Persistent Storage
Ariel OS supports persistent storage on a number of boards. It provides a key–value pair store based on sequential-storage.
This storage module is responsible for setting up the flash storage, and provides the functions to interact with the key–value pair store in the storage.
Use Cases
Persistent storage can be used to store configuration and other variables across reboots and power interruptions on the microcontroller.
Both primitives and compound types can be stored.
Usage
Enabling the Storage Module
The storage module can be enabled by selecting the sw/storage
laze module,
which enables the storage
Cargo feature.
Using the Storage Module
The storage module provides the necessary getters and setters to interact with the storage backend.
Keys are always &str
typed.
Values are required to implement the serde::Serialize
and serde::Deserialize
traits.
Under the hood, currently the values are serialized using postcard.
Care must be taken to always read a key with the same value type that it was written before. While using a different value type for reading than for writing is never unsafe, it might result in bogus data.
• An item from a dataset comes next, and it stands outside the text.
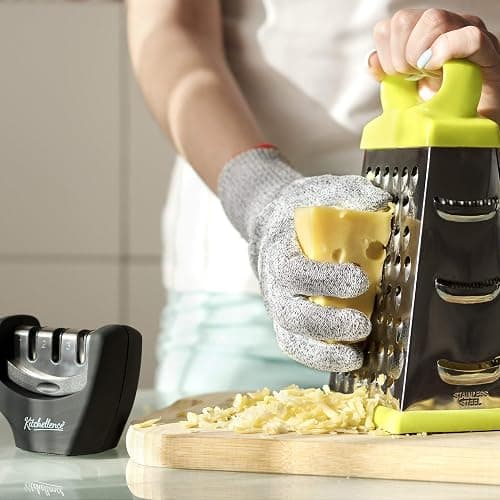 4-in-1 Kitchen Knife Accessories: 3-Stage Knife Sharpener Helps Repair, Restore, Polish Blades and Cut-Resistant Glove (Black) thumbnail 7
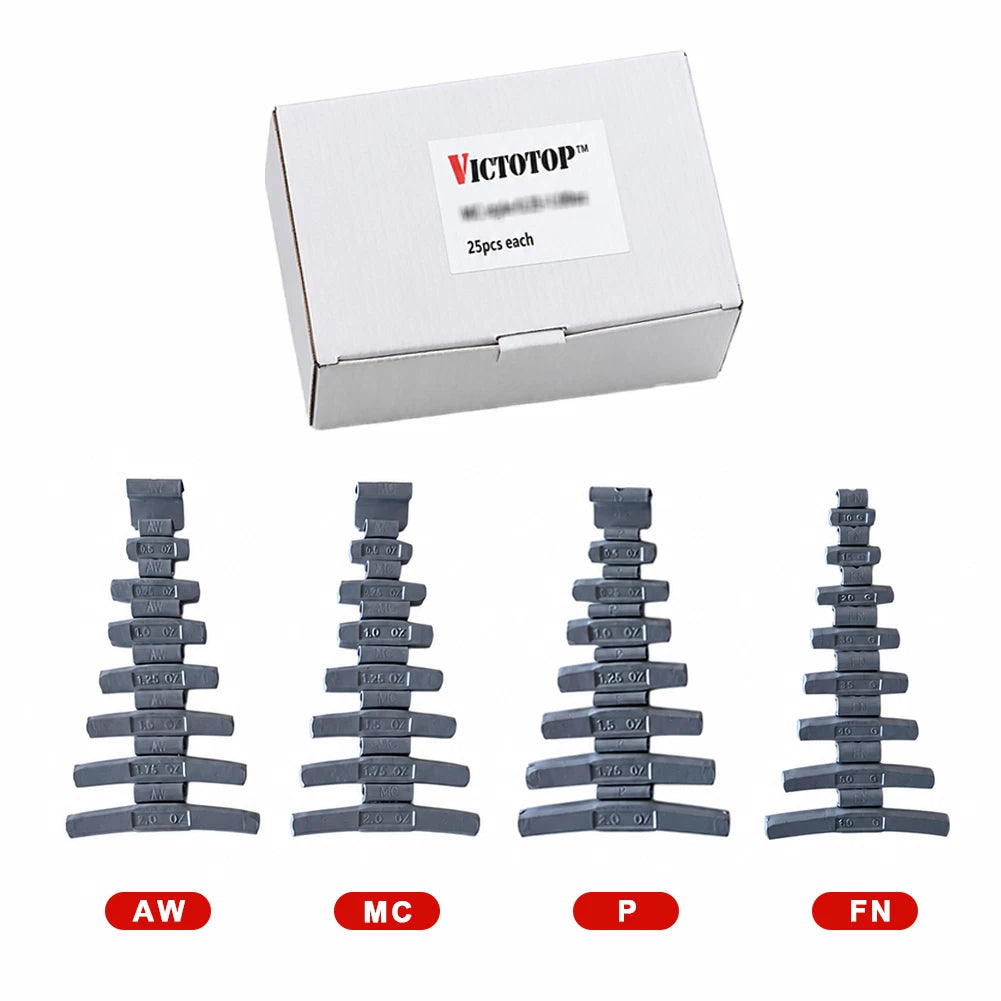100 Pcs ASSORTMENT CLIP-ON WHEEL WEIGHT BALANCE AW STYLE 0.25 0.50 0.75 1.00 oz (view 1)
See the example for details on the usage.
Durability and Corruption
The underlying sequential-storage crate guarantees that the storage can be repaired after power failure during operations. Corruption may lead to unrecoverable data that cannot be repaired. The repair will make sure that the flash state is recovered, so that any next operation should succeed.
Flash Requirements
The storage module requires at least two flash pages.
The effective storage space available is (N - 1) * PAGE_SIZE
,
where N
is the number of flash pages allocated.
Currently storage is only supported on flash whose pages have a uniform size.
These pages are allocated by Ariel OS after the rodata
section in the flash
when the module is enabled.
Updating the firmware can move and invalidate the storage pages when the firmware size differs from the previous version.
NOR flash has limited endurance. When writing applications using the storage module, care must be taken to limit the writes to a reasonable amount, especially at startup when there is the danger of endless writing due to a crash leading to a reboot.